COMPLIANCE WITH SECTION 16(A) OF THE EXCHANGE ACT

         The Company believes that all required Forms 3 and 4 were furnished to
the registrant during the fiscal year ended April 30, 1999.

BOARD OF DIRECTORS MEETINGS

         During the fiscal year ended April 30, 1999, there were two meetings of
the Company's Board of Directors. All directors were present for these meetings.

         The Board of Directors does not have standing audit, nominating or
compensation committees. Approval of the annual audit is completed by management
and the Board of Directors. Nominations are made by the Board of Directors as a
whole. Any Shareholder interested in nominating a director should see
"Submission of Shareholder Proposals" below.

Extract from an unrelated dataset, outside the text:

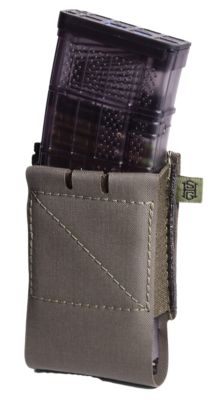 High Speed Gear Elastic Pistol Mag Pouch, OD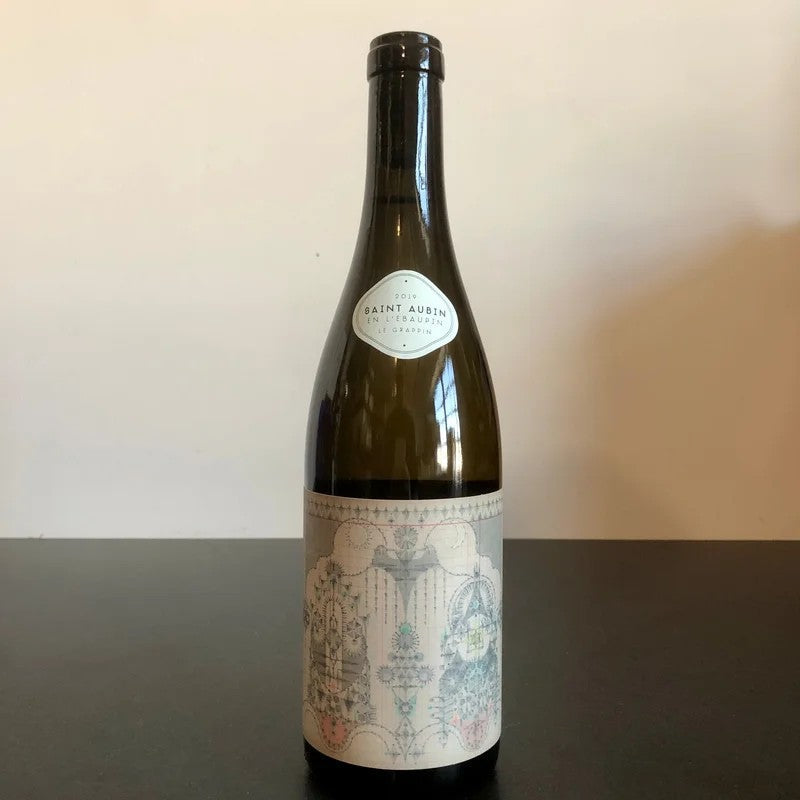 2019LeGrappinSaint-AubinEnl’EbaupinCotedeBeaune,France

The Board of Directors as a whole
determines the compensation of the Company's executive officers.

EXECUTIVE COMPENSATION

The table immediately following sets forth a profile of the Company's executive
compensation and shows, among other things, salaries and other compensation paid
during the last three years, and certain options granted for the Chief Executive
Officer of the Company and the other executive officer of the Company who had
aggregate remuneration exceeding $100,000 (the "Named Officers"). The tables
following show option grant and option exercise information with respect to the
Named Officers.

                               ANNUAL COMPENSATION

                                                       Other
                                                       Annual      Other
Name, Principal Position     Year    Salary            Comp.       Compensation
- ------------------------     ----    ------            ------      ------------
David E. Sandlin(4)          1999    $129,842(1)       (2)         --
Chairman, President          1998    $110,728(1)       (2)         $31,920(3)
                             1997    $110,000(1)       (2)         $13,700(3)

Wayne M. Richmon             1999    $103,873(5)       ---         --
Executive Vice President,    1998    $ 92,738(5)       ---         --
Treasurer, Director,         1997    $ 94,480(5)       ---         $ 6,850(6)
Chief Financial Officer

                                        6


<PAGE>

(1)  Pursuant to an Employment Agreement, dated as of January 3, 1995, by and
     between the Company and David E. Sandlin, as amended to date (the "Sandlin
     Agreement"). See "Employment Agreements," below.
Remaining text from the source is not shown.